● TASK STATEMENT:
Exactly reproduce the data from its first line through the line with "物理老师李旭峰离婚事件大反转4", leaving out every line after it.

Stored dataset items:
------------------------------------------------------------------------
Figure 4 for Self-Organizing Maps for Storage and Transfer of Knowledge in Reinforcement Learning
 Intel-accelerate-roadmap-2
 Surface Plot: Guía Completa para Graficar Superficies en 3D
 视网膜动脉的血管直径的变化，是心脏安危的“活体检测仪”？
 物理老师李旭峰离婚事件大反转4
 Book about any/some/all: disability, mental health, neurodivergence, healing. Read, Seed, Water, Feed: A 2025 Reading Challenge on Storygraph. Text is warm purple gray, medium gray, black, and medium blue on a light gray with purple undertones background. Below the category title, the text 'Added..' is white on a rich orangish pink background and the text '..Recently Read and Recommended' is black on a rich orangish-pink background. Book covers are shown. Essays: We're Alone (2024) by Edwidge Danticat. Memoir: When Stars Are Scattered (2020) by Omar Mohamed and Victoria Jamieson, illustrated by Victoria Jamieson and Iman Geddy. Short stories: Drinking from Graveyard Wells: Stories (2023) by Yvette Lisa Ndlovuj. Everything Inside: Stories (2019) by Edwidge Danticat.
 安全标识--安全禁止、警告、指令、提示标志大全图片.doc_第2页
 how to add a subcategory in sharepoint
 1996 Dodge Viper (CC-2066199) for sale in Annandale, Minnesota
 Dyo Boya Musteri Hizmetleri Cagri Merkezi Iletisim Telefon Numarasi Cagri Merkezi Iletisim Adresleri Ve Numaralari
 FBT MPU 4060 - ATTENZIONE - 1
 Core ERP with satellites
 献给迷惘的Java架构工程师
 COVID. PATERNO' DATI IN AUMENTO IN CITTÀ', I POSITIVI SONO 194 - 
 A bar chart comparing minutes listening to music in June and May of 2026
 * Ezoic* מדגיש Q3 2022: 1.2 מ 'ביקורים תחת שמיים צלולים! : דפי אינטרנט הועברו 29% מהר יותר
------------------------------------------------------------------------
● ANSWER SPACE:
Figure 4 for Self-Organizing Maps for Storage and Transfer of Knowledge in Reinforcement Learning
 Intel-accelerate-roadmap-2
 Surface Plot: Guía Completa para Graficar Superficies en 3D
 视网膜动脉的血管直径的变化，是心脏安危的“活体检测仪”？
 物理老师李旭峰离婚事件大反转4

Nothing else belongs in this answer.